- Greek crisis Summit on Monday, while Eurogroup to be scheduled before that
- Eurozone banks took up EUR 74bn in the ECB’s fourth TLTRO
- Higher energy prices, lift US consumer prices, while a stronger dollar pushes down core prices
Europe to increase efforts to reach Greece deal
Thursday’s Eurogroup made little progress towards a deal on Greece, though there will now be an emergency Euro Summit on Monday. In addition, a Eurogroup meeting will be planned before then, in order to lay the groundwork for a deal. All this shows that despite the heated rhetoric a strong push is being made to reach an agreement before the end of the month, when IMF payments fall due.
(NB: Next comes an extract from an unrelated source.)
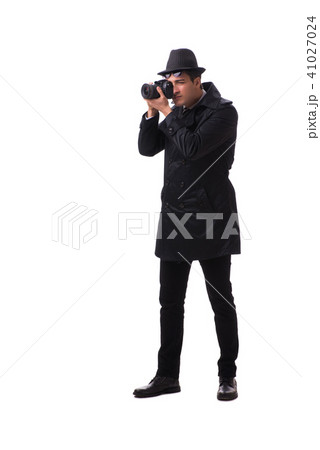 Spy with camera taking pictures isolated on white 41027024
The pressure to reach a deal was also underlined by reports that in the first four days of this week, Greek deposit outflows accelerated to EUR 3bn. Apparently the Bank of Greece will request an increase in the ELA limit today.
Fourth ECB TLTRO sees high demand again …
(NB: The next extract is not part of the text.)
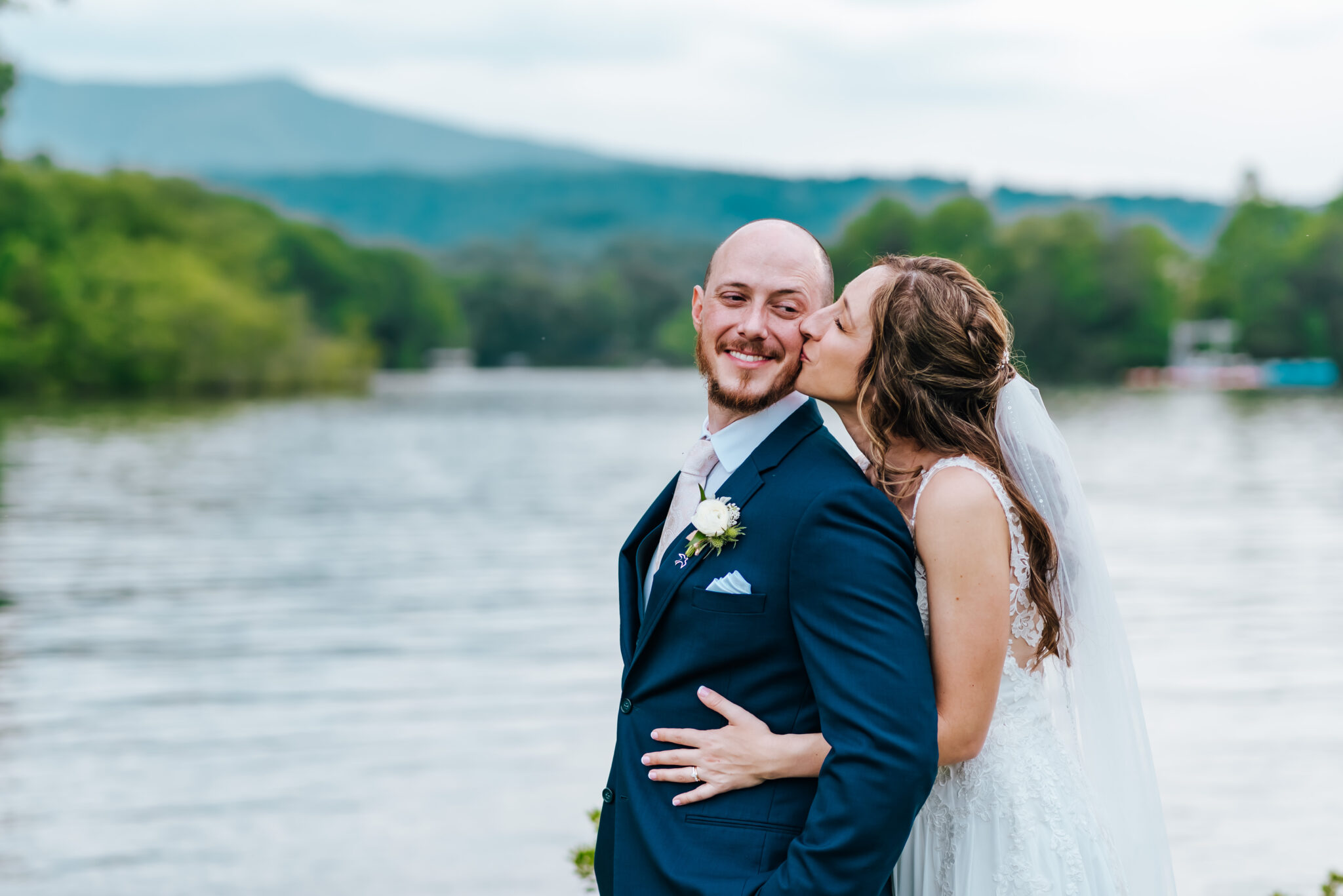 Bride kisses groom from behind as they stand in front of a mountain lake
The ECB allotted EUR 73.8bn in its fourth TLTRO, following EUR 97.8bn in the third operation in March. As in the first three TLTROs, it was mainly Spanish and Italian banks that took up the loans. In the four TLTROs that have been allotted so far, banks have borrowed a total amount of EUR 385bn, which is equal to almost 4% of eurozone GDP. The borrowing allowance of the first two TLTROs (in Sep and Dec 2014) was based on the outstanding amounts of bank loans to non-financial corporations and households (ex. mortgages) at the end of April 2014. In contrast, the allowance for the third and fourth operations was based on the increase in lending between the end of April 2014 and the reference month of the relevant TLTRO, versus a certain threshold. Therefore, the positive take-up in TLTROs 3-4 indicates that bank lending to the private sector is picking up.
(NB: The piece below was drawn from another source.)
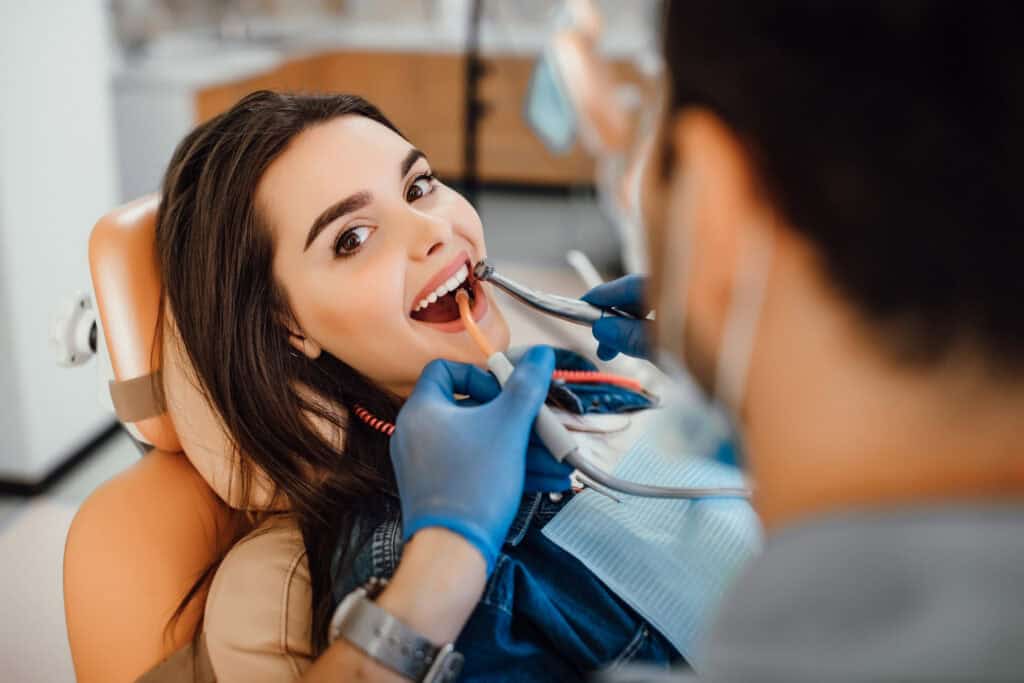 Patient receiving a dental implant consultation and oral examination at a modern dental clinic in Reading, MA.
… as bank lending increases
Indeed, ECB data shows that the monthly flow in loans to households and non-financial corporations (adjusted for sales and securitization) turned positive in August 2014, after having contracted almost non-stop during the previous two years. It has accelerated markedly since the start of this year. In April, the monthly flow came out at EUR 15bn, up from EUR 9bn in March. This rise in bank lending has also been signalled by the last couple of quarterly ECB Bank Lending Surveys, which have shown that banks are easing lending conditions, while demand for bank loans is rising.
US consumer prices rise in May
US headline consumer prices recorded the largest increase in two years in May, rising 0.4%, up from 0.1% the previous month, boosted by a 4.3% increase in energy prices. The core CPI showed some softness, rising just 0.1%, down from 0.3% in April. Mainly apparel and used cars declined in May. Import prices for non-oil imports continue to fall and this could be pushing down core inflation a bit. This impact should diminish in time. Compared to a year earlier, prices were unchanged, while core CPI was up 1.7%.
Fed remains confident about inflation reaching 2% target
We don’t think that the somewhat weaker core CPI will change the view of the Fed on a rate hike, as early as September. Wednesday’s FOMC press statement suggests the Fed remains confident that inflation will gradually move to its 2% target and that it does not have to wait for inflation to reach this target to hike rates.
US labour market remains solid
Meanwhile, initial jobless claims declined to 267k in the week ended June 13 from 279K last week. This is the week which the government surveys employers for the June nonfarm payrolls, suggesting that this job report will be strong.